#### Task goal
Using the records that follow, reproduce exactly the lines starting at the line containing "La Marey 100%" and ending at the line containing "NY license plate GXO0954". Include both end lines and no pictures.

#### Input material
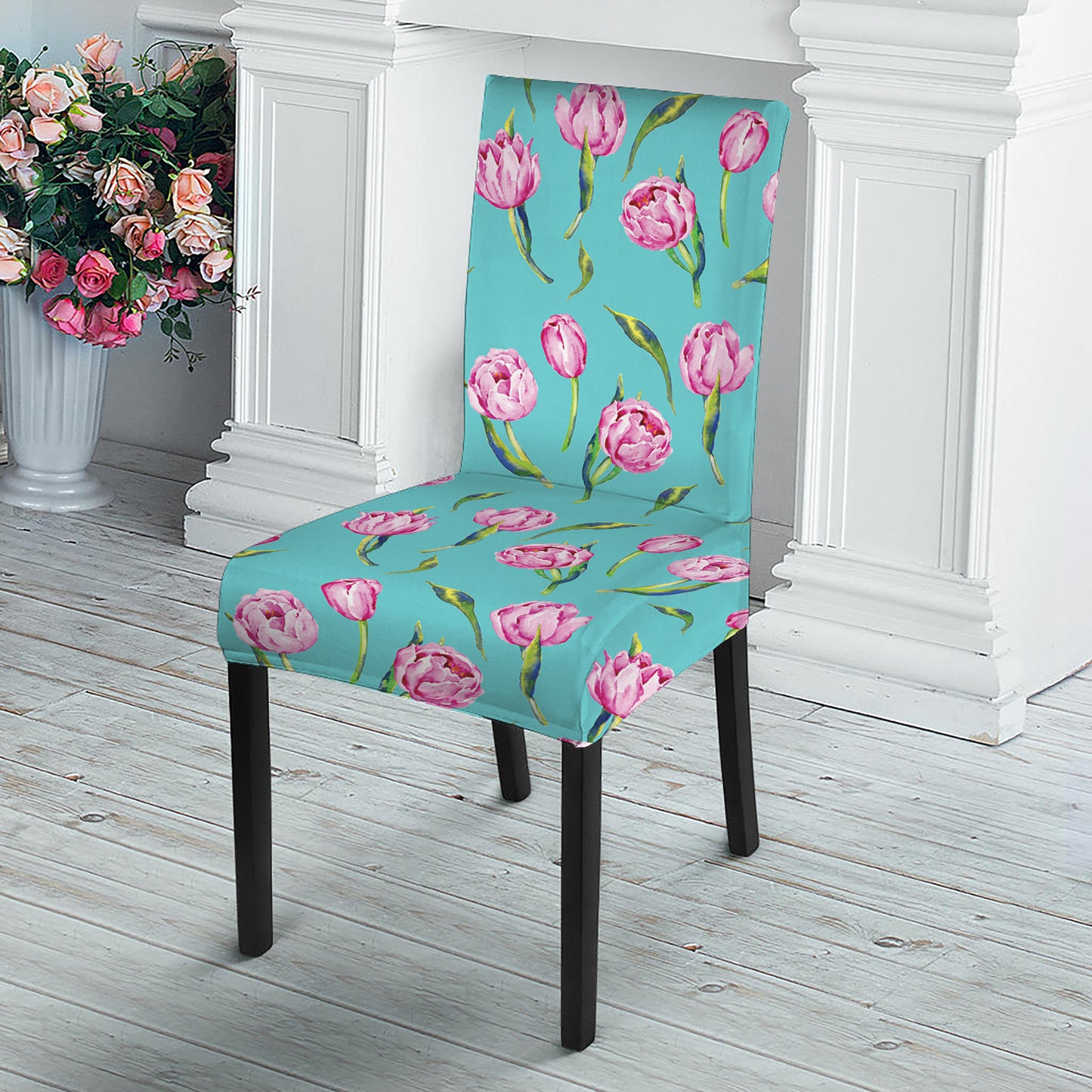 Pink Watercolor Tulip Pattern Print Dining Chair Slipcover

--

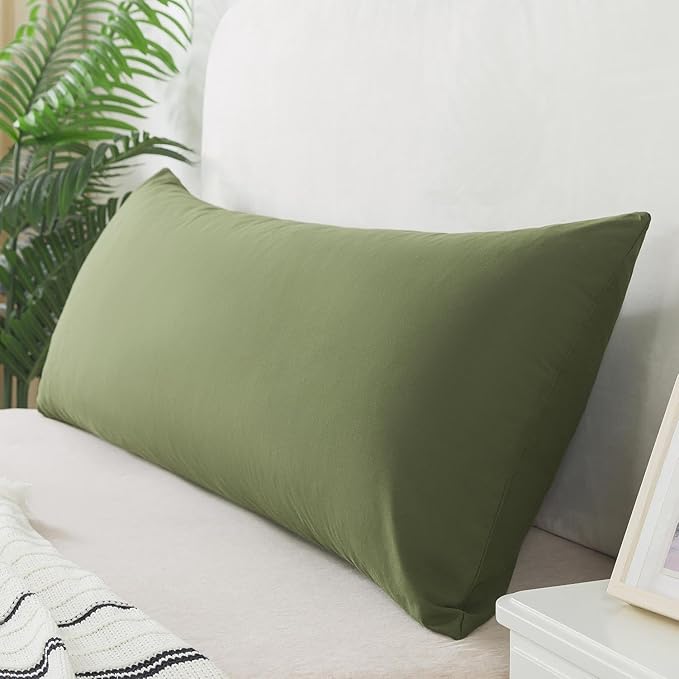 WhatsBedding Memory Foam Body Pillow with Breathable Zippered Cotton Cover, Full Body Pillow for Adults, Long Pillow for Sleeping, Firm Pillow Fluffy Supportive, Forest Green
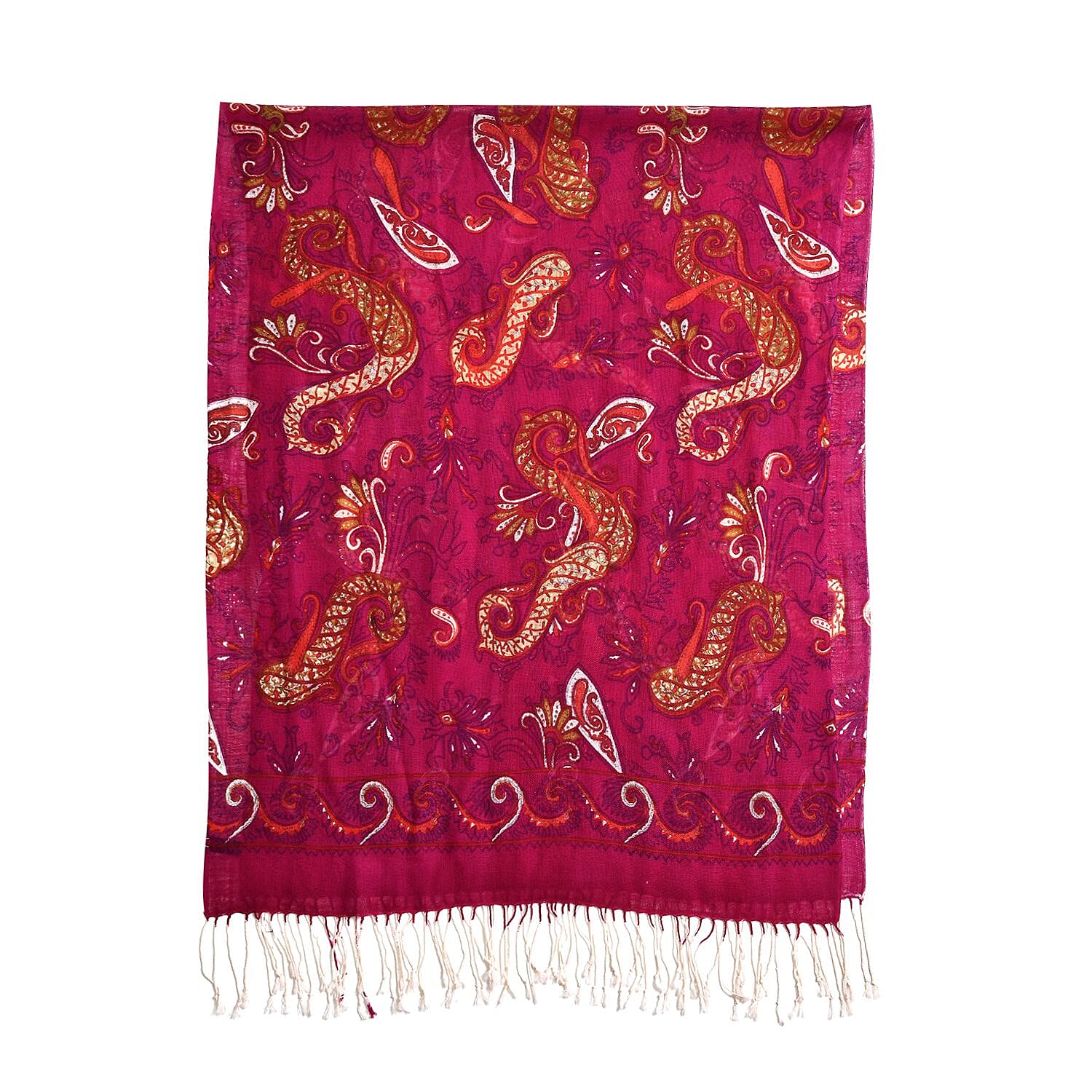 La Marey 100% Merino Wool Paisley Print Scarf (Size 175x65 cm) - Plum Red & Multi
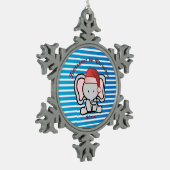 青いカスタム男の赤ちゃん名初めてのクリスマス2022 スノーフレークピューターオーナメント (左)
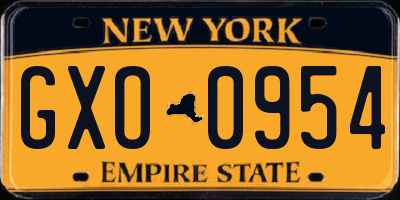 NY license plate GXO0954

#### Response area
 La Marey 100% Merino Wool Paisley Print Scarf (Size 175x65 cm) - Plum Red & Multi
 青いカスタム男の赤ちゃん名初めてのクリスマス2022 スノーフレークピューターオーナメント (左)
 NY license plate GXO0954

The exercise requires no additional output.